▶ _Your objective_
As the answer, set down the lines below from the one containing "2-storey Terraced House" through the one containing "BYD Qin PLUS", exactly and inclusively, and no others.

▶ _Data for this task_
+++

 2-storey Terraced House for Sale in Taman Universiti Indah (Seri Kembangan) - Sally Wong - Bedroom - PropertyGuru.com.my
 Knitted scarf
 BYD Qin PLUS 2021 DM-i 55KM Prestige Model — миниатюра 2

+++

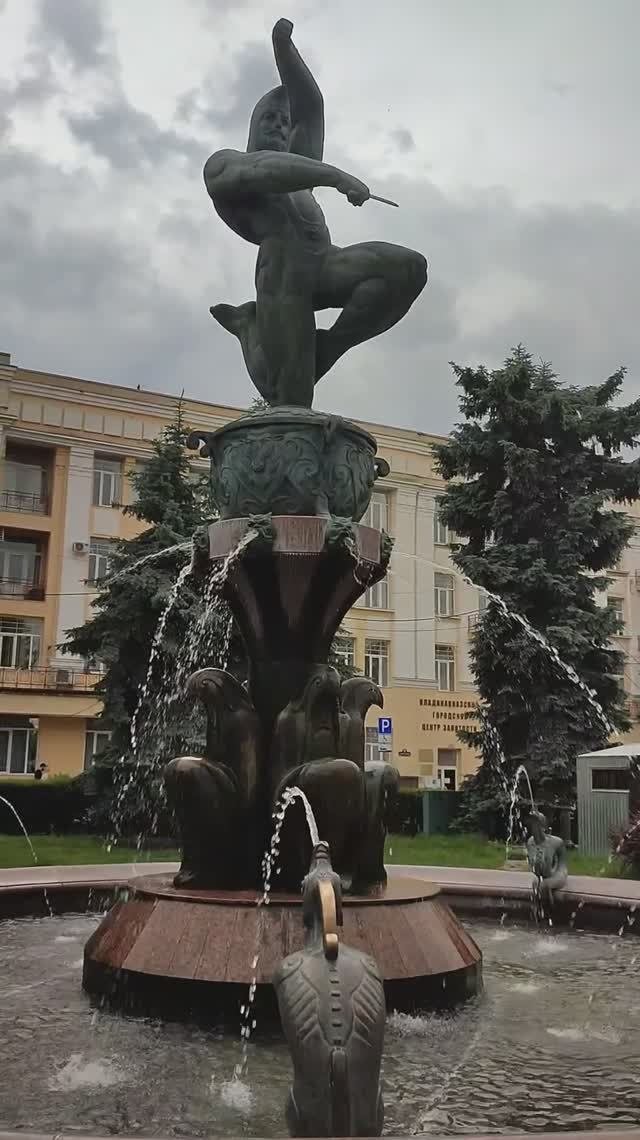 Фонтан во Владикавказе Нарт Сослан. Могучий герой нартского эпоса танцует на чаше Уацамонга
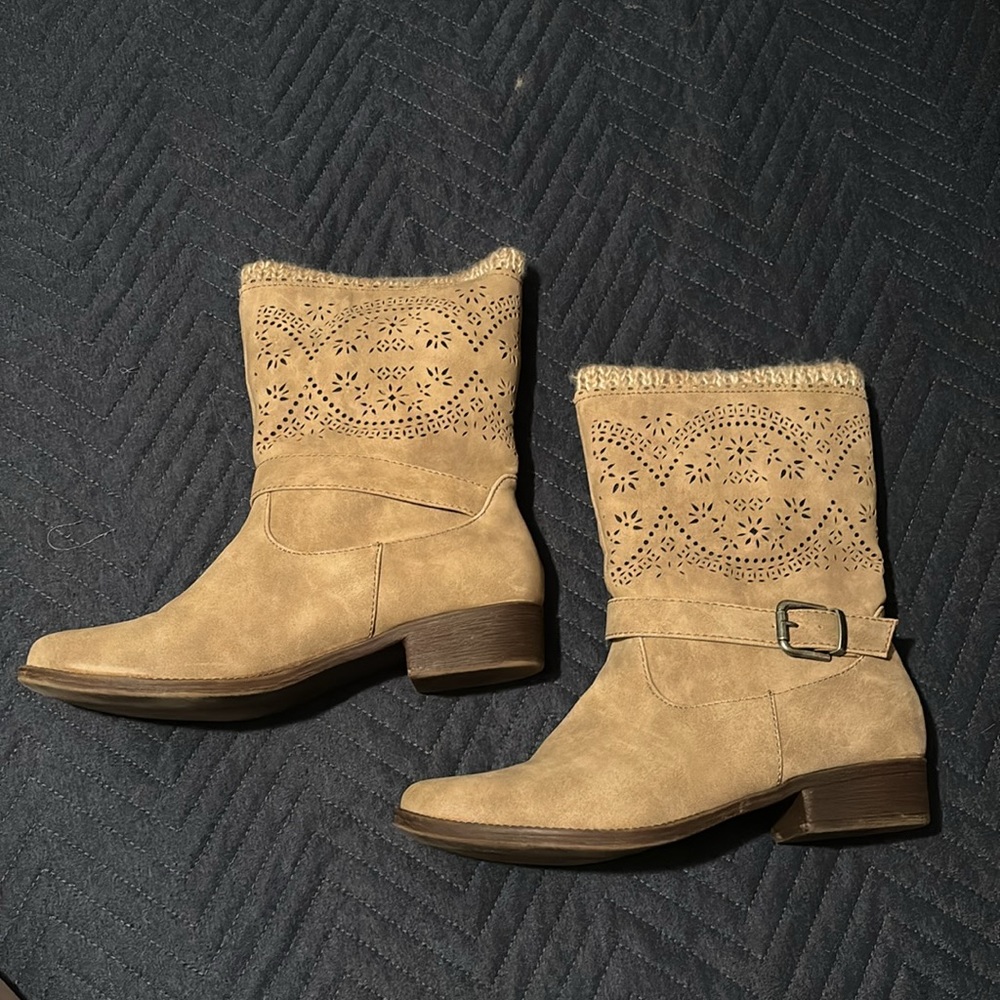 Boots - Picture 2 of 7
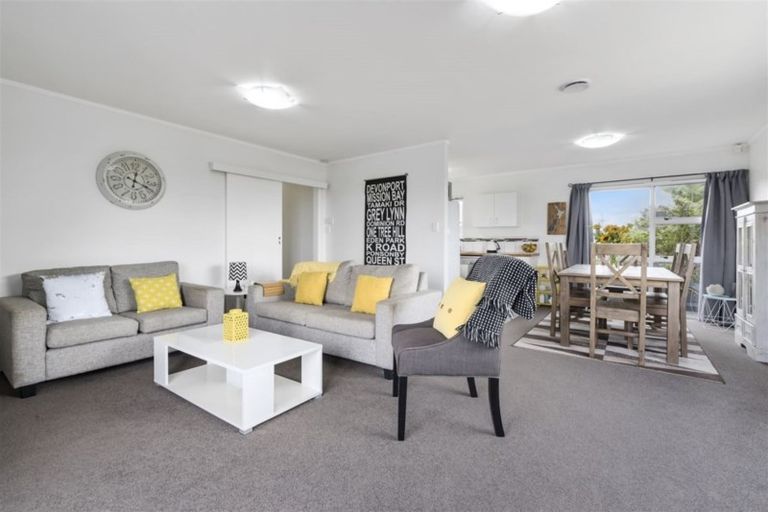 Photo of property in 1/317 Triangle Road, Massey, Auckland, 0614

+++

▶ _Answer box_
 2-storey Terraced House for Sale in Taman Universiti Indah (Seri Kembangan) - Sally Wong - Bedroom - PropertyGuru.com.my
 Knitted scarf
 BYD Qin PLUS 2021 DM-i 55KM Prestige Model — миниатюра 2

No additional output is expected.